At the end of 1957, each of the older mutual funds pub­lished a statement of the results obtained each year from a purchase of shares in that fund fifteen years earlier, at the end of 1942. From such a record of one large, diversified common-stock fund, we develop these figures of yield, as­suming that a shareholder reinvested his capital-gain distribu­tions but took his income dividends in cash. On shares bought at the end of 1942 income dividends in 1943 was 4.8 per cent of the cost. In each successive year they were larger than in the previous year. In the fifth year they were 7.0 per cent, the tenth year 10.9 per cent, the fifteenth year 15.7 per cent of cost. The increase is due largely to the rise in prosperity and inflation that tended to lift corporate-dividend rates generally during those fifteen years. Earlier, in the 1930's, the great depression had caused dividends gen­erally to drop.

Two mutual funds can be alike to the extent that each is a well managed, broadly diversified common-stock fund, and still the current yield on Fund A may be 1.5 per cent, and on Fund B 7.5 per cent, five times as much. Which fund is a better buy? It depends on what sort of results an investor wants. Fund B has chosen for its portfolio a group of stocks with high current yields. Fund A has picked stocks with low current yields—which is the same as saying that its portfolio contains stocks that are priced high in comparison to their dividends, the reason being that the market values of these stocks, or their dividends, or both, are expected to rise faster than those of other stocks.

Before buying shares in any mutual fund, a cautious in­vestor examines and compares the past performance of the fund on both dividends and change in market value over a period of at least ten years. The fifteen-year dividend record given above is for a fund whose investment policy lies be­tween the extremes of those with a high current yield and those emphasizing future growth.

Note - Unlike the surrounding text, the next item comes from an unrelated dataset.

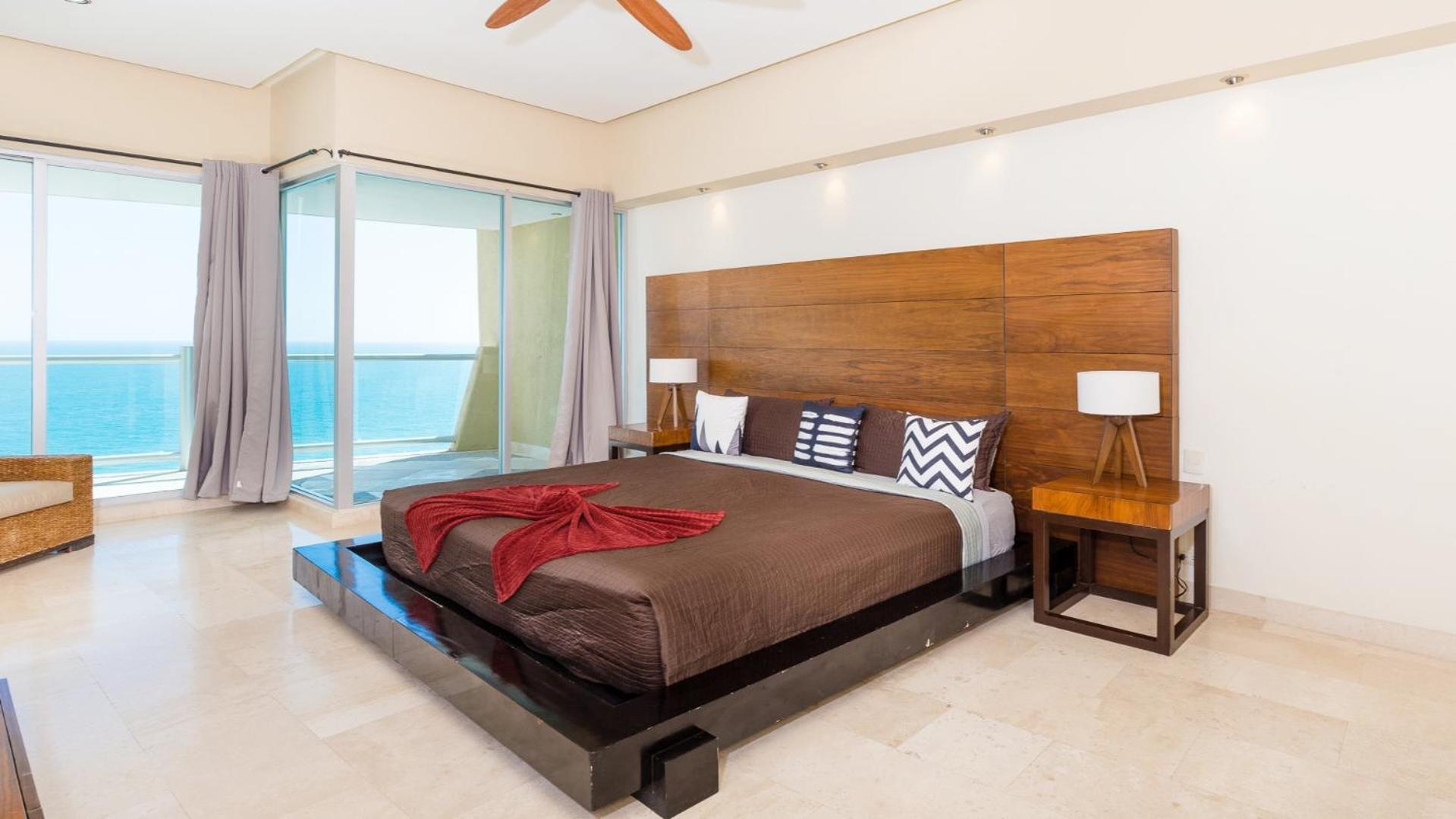 Encanto Living Three Bedroom Unit By Kivoya Puerto Peñasco Extérieur photo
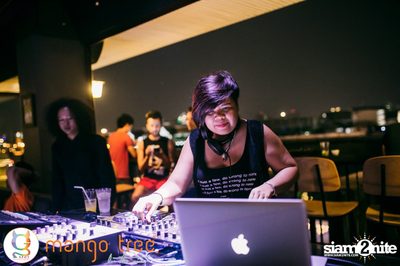 G-Spot Night Party | Season 2 ที่ แมงโก้ทรี ออน เดอะ ริเวอร์ — photo 25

To make sense, it seems to us that on common stock in­stead of the usual phrasing "What is the yield?" we must change the question to ask, "What was the yield?" That is, if a person bought the stock on a certain date and held it for so many years, what were the dividends figured as a percent of his cost? This interpretation of the question is illus­trated in the example a page or so above, of the trend of dividends during fifteen years on stock bought at the end of 1942.